Records from a data collection
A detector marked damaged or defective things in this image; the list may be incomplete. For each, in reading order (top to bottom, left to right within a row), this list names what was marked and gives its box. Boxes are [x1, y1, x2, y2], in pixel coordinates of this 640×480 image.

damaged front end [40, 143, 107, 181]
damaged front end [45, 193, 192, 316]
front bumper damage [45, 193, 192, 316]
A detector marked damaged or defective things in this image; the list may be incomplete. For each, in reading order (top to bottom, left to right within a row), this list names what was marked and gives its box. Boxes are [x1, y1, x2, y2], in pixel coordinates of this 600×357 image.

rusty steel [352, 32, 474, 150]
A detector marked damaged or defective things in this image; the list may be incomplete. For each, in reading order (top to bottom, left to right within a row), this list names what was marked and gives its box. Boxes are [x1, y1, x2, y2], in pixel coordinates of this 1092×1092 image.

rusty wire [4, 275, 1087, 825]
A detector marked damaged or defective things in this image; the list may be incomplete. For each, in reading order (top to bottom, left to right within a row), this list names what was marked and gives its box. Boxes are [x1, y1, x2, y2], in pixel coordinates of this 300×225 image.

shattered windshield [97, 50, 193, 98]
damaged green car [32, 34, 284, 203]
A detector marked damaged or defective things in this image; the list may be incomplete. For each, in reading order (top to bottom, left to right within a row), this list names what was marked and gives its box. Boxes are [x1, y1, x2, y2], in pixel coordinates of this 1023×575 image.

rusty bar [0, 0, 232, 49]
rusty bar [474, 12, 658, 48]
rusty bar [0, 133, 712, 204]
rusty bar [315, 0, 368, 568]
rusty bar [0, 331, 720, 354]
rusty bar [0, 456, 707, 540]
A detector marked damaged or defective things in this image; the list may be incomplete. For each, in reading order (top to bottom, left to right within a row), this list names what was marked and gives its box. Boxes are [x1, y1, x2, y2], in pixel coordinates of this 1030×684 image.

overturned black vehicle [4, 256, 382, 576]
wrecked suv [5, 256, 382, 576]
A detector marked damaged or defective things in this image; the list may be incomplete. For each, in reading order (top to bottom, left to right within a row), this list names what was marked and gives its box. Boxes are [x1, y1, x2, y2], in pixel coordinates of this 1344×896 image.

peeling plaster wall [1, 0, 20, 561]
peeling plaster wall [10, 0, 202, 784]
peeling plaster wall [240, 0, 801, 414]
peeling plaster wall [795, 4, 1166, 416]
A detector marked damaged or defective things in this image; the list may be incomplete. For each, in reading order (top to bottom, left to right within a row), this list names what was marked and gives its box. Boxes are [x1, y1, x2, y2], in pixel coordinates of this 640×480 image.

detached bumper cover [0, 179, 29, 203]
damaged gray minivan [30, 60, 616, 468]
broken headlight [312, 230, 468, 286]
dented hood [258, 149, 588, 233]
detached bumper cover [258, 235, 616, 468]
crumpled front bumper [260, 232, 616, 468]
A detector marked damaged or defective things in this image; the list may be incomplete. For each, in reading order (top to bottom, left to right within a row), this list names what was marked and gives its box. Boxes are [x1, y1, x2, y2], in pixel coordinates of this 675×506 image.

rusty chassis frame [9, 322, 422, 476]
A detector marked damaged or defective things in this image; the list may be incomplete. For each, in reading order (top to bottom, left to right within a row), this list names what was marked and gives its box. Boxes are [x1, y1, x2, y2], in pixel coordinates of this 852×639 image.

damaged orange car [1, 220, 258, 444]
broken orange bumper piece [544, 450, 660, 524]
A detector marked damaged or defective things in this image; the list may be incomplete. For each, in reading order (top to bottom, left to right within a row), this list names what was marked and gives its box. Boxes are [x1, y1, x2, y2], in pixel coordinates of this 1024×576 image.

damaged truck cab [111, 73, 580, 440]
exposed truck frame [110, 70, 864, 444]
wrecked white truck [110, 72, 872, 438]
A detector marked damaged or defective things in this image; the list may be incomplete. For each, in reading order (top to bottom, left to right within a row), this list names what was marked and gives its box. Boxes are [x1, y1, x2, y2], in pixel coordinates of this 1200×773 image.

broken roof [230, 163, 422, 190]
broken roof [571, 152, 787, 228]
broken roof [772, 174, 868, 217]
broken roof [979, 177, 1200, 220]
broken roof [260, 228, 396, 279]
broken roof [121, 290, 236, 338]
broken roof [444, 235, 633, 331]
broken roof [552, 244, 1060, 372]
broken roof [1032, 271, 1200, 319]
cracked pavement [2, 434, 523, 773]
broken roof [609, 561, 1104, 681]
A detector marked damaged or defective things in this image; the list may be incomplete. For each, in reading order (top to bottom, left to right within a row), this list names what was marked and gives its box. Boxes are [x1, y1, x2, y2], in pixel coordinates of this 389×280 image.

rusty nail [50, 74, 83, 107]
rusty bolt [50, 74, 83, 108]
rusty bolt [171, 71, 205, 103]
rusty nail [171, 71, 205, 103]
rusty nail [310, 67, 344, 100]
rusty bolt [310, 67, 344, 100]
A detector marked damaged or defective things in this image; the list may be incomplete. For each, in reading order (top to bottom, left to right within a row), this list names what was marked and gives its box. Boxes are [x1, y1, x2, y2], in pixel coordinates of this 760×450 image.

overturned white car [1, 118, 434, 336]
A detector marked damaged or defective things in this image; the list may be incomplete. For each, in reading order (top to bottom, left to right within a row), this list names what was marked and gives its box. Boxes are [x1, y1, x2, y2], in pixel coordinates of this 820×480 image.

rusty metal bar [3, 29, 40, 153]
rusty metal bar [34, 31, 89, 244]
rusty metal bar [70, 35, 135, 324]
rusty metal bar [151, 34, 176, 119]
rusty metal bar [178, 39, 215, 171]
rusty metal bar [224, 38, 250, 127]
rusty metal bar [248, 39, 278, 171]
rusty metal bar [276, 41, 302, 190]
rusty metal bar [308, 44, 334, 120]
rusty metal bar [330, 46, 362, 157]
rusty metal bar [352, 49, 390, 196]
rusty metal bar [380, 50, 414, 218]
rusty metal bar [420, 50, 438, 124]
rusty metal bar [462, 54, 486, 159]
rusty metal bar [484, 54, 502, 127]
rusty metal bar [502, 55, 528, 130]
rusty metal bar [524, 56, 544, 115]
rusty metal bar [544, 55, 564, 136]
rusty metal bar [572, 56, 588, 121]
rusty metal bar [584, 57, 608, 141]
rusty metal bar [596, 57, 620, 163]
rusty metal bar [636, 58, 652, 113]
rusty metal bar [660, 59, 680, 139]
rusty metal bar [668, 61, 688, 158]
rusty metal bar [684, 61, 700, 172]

▶ [Exercise prompt]:
An exact copy of all the records above is the required answer.

▶ [Answer section]:
A detector marked damaged or defective things in this image; the list may be incomplete. For each, in reading order (top to bottom, left to right within a row), this list names what was marked and gives its box. Boxes are [x1, y1, x2, y2], in pixel coordinates of this 640×480 image.

damaged front end [40, 143, 107, 181]
damaged front end [45, 193, 192, 316]
front bumper damage [45, 193, 192, 316]
A detector marked damaged or defective things in this image; the list may be incomplete. For each, in reading order (top to bottom, left to right within a row), this list names what was marked and gives its box. Boxes are [x1, y1, x2, y2], in pixel coordinates of this 600×357 image.

rusty steel [352, 32, 474, 150]
A detector marked damaged or defective things in this image; the list may be incomplete. For each, in reading order (top to bottom, left to right within a row), this list names what was marked and gives its box. Boxes are [x1, y1, x2, y2], in pixel coordinates of this 1092×1092 image.

rusty wire [4, 275, 1087, 825]
A detector marked damaged or defective things in this image; the list may be incomplete. For each, in reading order (top to bottom, left to right within a row), this list names what was marked and gives its box. Boxes are [x1, y1, x2, y2], in pixel coordinates of this 300×225 image.

shattered windshield [97, 50, 193, 98]
damaged green car [32, 34, 284, 203]
A detector marked damaged or defective things in this image; the list may be incomplete. For each, in reading order (top to bottom, left to right within a row), this list names what was marked and gives its box. Boxes are [x1, y1, x2, y2], in pixel coordinates of this 1023×575 image.

rusty bar [0, 0, 232, 49]
rusty bar [474, 12, 658, 48]
rusty bar [0, 133, 712, 204]
rusty bar [315, 0, 368, 568]
rusty bar [0, 331, 720, 354]
rusty bar [0, 456, 707, 540]
A detector marked damaged or defective things in this image; the list may be incomplete. For each, in reading order (top to bottom, left to right within a row), this list names what was marked and gives its box. Boxes are [x1, y1, x2, y2], in pixel coordinates of this 1030×684 image.

overturned black vehicle [4, 256, 382, 576]
wrecked suv [5, 256, 382, 576]
A detector marked damaged or defective things in this image; the list may be incomplete. For each, in reading order (top to bottom, left to right within a row), this list names what was marked and gives its box. Boxes are [x1, y1, x2, y2], in pixel coordinates of this 1344×896 image.

peeling plaster wall [1, 0, 20, 561]
peeling plaster wall [10, 0, 202, 784]
peeling plaster wall [240, 0, 801, 414]
peeling plaster wall [795, 4, 1166, 416]
A detector marked damaged or defective things in this image; the list may be incomplete. For each, in reading order (top to bottom, left to right within a row), this list names what was marked and gives its box. Boxes are [x1, y1, x2, y2], in pixel coordinates of this 640×480 image.

detached bumper cover [0, 179, 29, 203]
damaged gray minivan [30, 60, 616, 468]
broken headlight [312, 230, 468, 286]
dented hood [258, 149, 588, 233]
detached bumper cover [258, 235, 616, 468]
crumpled front bumper [260, 232, 616, 468]
A detector marked damaged or defective things in this image; the list may be incomplete. For each, in reading order (top to bottom, left to right within a row), this list names what was marked and gives its box. Boxes are [x1, y1, x2, y2], in pixel coordinates of this 675×506 image.

rusty chassis frame [9, 322, 422, 476]
A detector marked damaged or defective things in this image; the list may be incomplete. For each, in reading order (top to bottom, left to right within a row), this list names what was marked and gives its box. Boxes are [x1, y1, x2, y2], in pixel coordinates of this 852×639 image.

damaged orange car [1, 220, 258, 444]
broken orange bumper piece [544, 450, 660, 524]
A detector marked damaged or defective things in this image; the list may be incomplete. For each, in reading order (top to bottom, left to right within a row), this list names what was marked and gives its box. Boxes are [x1, y1, x2, y2], in pixel coordinates of this 1024×576 image.

damaged truck cab [111, 73, 580, 440]
exposed truck frame [110, 70, 864, 444]
wrecked white truck [110, 72, 872, 438]
A detector marked damaged or defective things in this image; the list may be incomplete. For each, in reading order (top to bottom, left to right within a row), this list names what was marked and gives its box. Boxes are [x1, y1, x2, y2], in pixel coordinates of this 1200×773 image.

broken roof [230, 163, 422, 190]
broken roof [571, 152, 787, 228]
broken roof [772, 174, 868, 217]
broken roof [979, 177, 1200, 220]
broken roof [260, 228, 396, 279]
broken roof [121, 290, 236, 338]
broken roof [444, 235, 633, 331]
broken roof [552, 244, 1060, 372]
broken roof [1032, 271, 1200, 319]
cracked pavement [2, 434, 523, 773]
broken roof [609, 561, 1104, 681]
A detector marked damaged or defective things in this image; the list may be incomplete. For each, in reading order (top to bottom, left to right within a row), this list names what was marked and gives its box. Boxes are [x1, y1, x2, y2], in pixel coordinates of this 389×280 image.

rusty nail [50, 74, 83, 107]
rusty bolt [50, 74, 83, 108]
rusty bolt [171, 71, 205, 103]
rusty nail [171, 71, 205, 103]
rusty nail [310, 67, 344, 100]
rusty bolt [310, 67, 344, 100]
A detector marked damaged or defective things in this image; the list may be incomplete. For each, in reading order (top to bottom, left to right within a row), this list names what was marked and gives its box. Boxes are [x1, y1, x2, y2], in pixel coordinates of this 760×450 image.

overturned white car [1, 118, 434, 336]
A detector marked damaged or defective things in this image; the list may be incomplete. For each, in reading order (top to bottom, left to right within a row), this list names what was marked and gives its box. Boxes are [x1, y1, x2, y2], in pixel coordinates of this 820×480 image.

rusty metal bar [3, 29, 40, 153]
rusty metal bar [34, 31, 89, 244]
rusty metal bar [70, 35, 135, 324]
rusty metal bar [151, 34, 176, 119]
rusty metal bar [178, 39, 215, 171]
rusty metal bar [224, 38, 250, 127]
rusty metal bar [248, 39, 278, 171]
rusty metal bar [276, 41, 302, 190]
rusty metal bar [308, 44, 334, 120]
rusty metal bar [330, 46, 362, 157]
rusty metal bar [352, 49, 390, 196]
rusty metal bar [380, 50, 414, 218]
rusty metal bar [420, 50, 438, 124]
rusty metal bar [462, 54, 486, 159]
rusty metal bar [484, 54, 502, 127]
rusty metal bar [502, 55, 528, 130]
rusty metal bar [524, 56, 544, 115]
rusty metal bar [544, 55, 564, 136]
rusty metal bar [572, 56, 588, 121]
rusty metal bar [584, 57, 608, 141]
rusty metal bar [596, 57, 620, 163]
rusty metal bar [636, 58, 652, 113]
rusty metal bar [660, 59, 680, 139]
rusty metal bar [668, 61, 688, 158]
rusty metal bar [684, 61, 700, 172]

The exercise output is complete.